Information supplied:
******
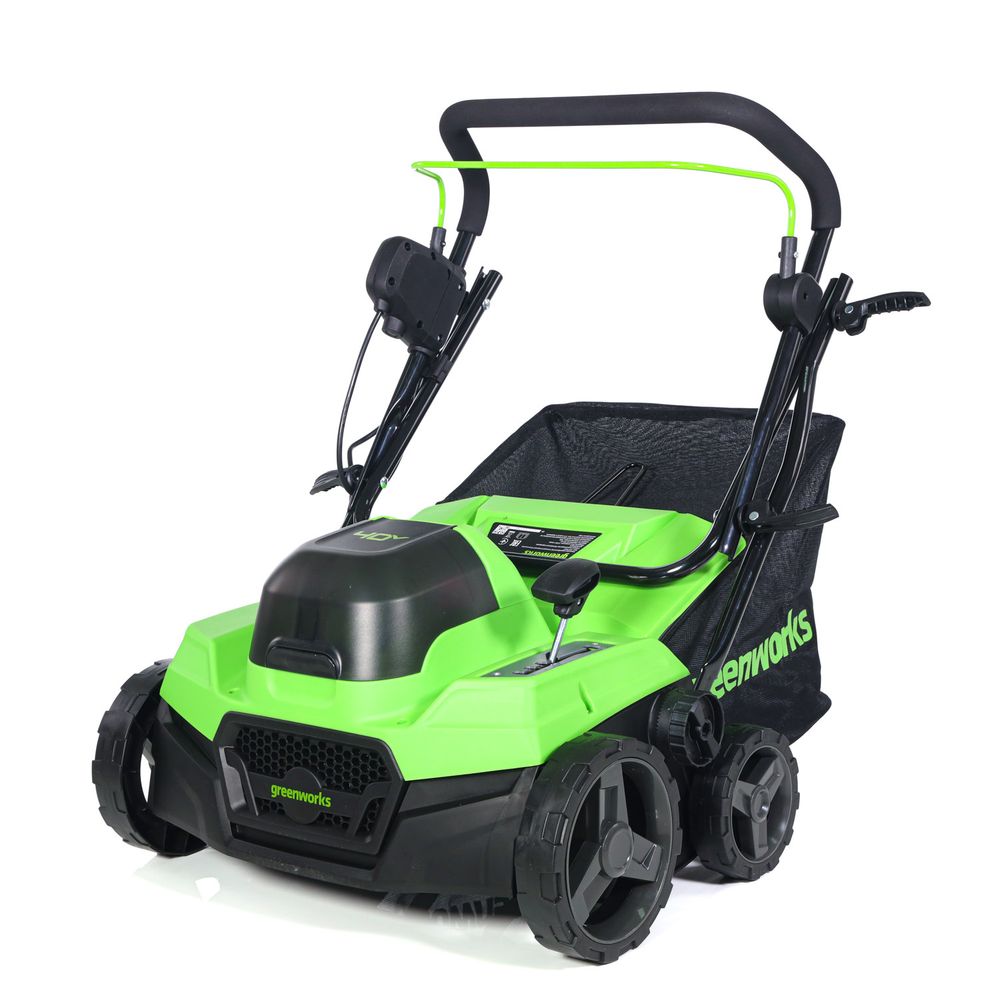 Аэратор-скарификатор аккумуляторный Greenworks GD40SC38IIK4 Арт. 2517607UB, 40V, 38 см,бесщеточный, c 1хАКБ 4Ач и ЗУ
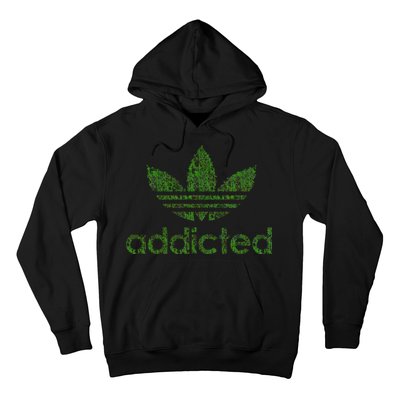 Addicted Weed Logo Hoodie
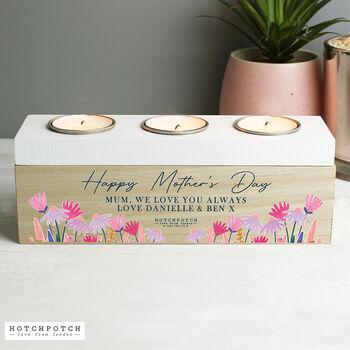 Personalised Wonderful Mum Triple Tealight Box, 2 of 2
******
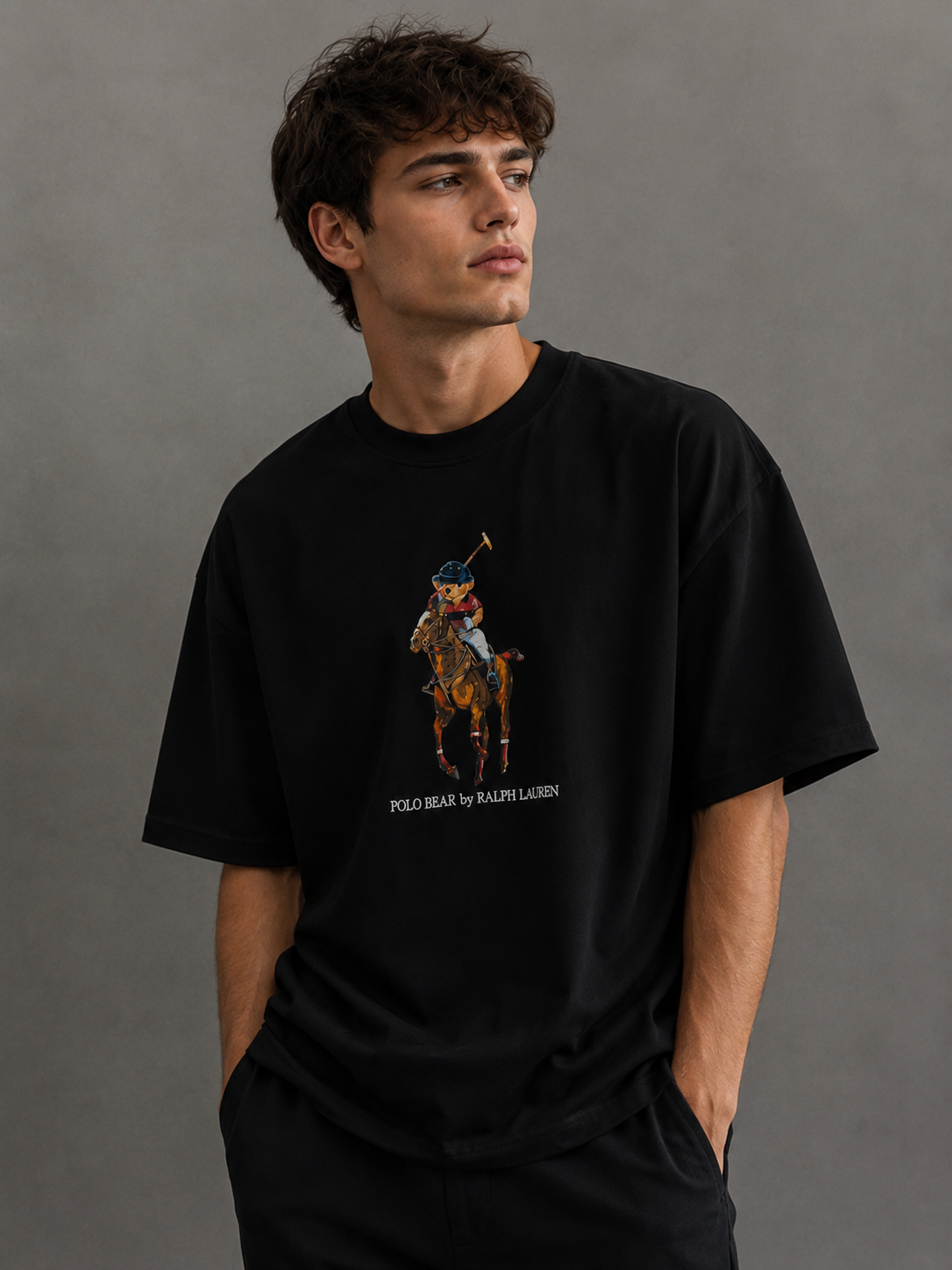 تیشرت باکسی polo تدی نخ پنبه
******
Task statement: Write out word for word the lines of the listing above from the line with "Аэратор-скарификатор аккумуляторный Greenworks" to the line with "Personalised Wonderful Mum", taking in both of those lines but no pictures.

Exercise response:
 Аэратор-скарификатор аккумуляторный Greenworks GD40SC38IIK4 Арт. 2517607UB, 40V, 38 см,бесщеточный, c 1хАКБ 4Ач и ЗУ
 Addicted Weed Logo Hoodie
 Personalised Wonderful Mum Triple Tealight Box, 2 of 2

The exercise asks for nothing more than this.